I am new to C++ and come from non-CS background. Hence kindly excuse me if this question is silly or has been answered before.
I have a string in c++, language is Telugu.
std::string str = "ఉంది"; // (it means exists; pronounced as Vundi)
std::string substring = str.substr(0,3);
The above substring would be "ఉ" (pronounced as Vu) and its unicode hex value is 0C09.
How can i get the value 0C09 from substring? The purpose is to check if the substring is in the valid range for Telugu (0C00–0C7F).
I have seen other questions they apply to obj-c , java, php, c# etc.

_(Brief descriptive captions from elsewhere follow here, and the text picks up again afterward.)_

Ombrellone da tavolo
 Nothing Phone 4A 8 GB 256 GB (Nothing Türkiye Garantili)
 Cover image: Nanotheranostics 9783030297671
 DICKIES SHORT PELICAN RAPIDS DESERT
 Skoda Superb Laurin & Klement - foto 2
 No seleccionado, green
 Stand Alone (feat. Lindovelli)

I am looking specifically for c++ using std::string.
As per the comment I have read the article at joelonsoftware.com/articles/Unicode.html.
Let me update my question with more information. I am using Fedora 19 x86_64 and encoding is UTF-8. The console is able to display the text properly.
As per the article, if I understand correctly ASCII is single byte character and unicode is multibyte character. The above code sample reflects that, here it is 3 bytes in length for each unicode character. Other than talking about UTF-8/ text encoding and multibyte characters, this article offers no practical help in detecting the language of unicode string.
May be I should rephrase my question:
How can I detect a language for unicode string in C++?
Thanks in advance for help.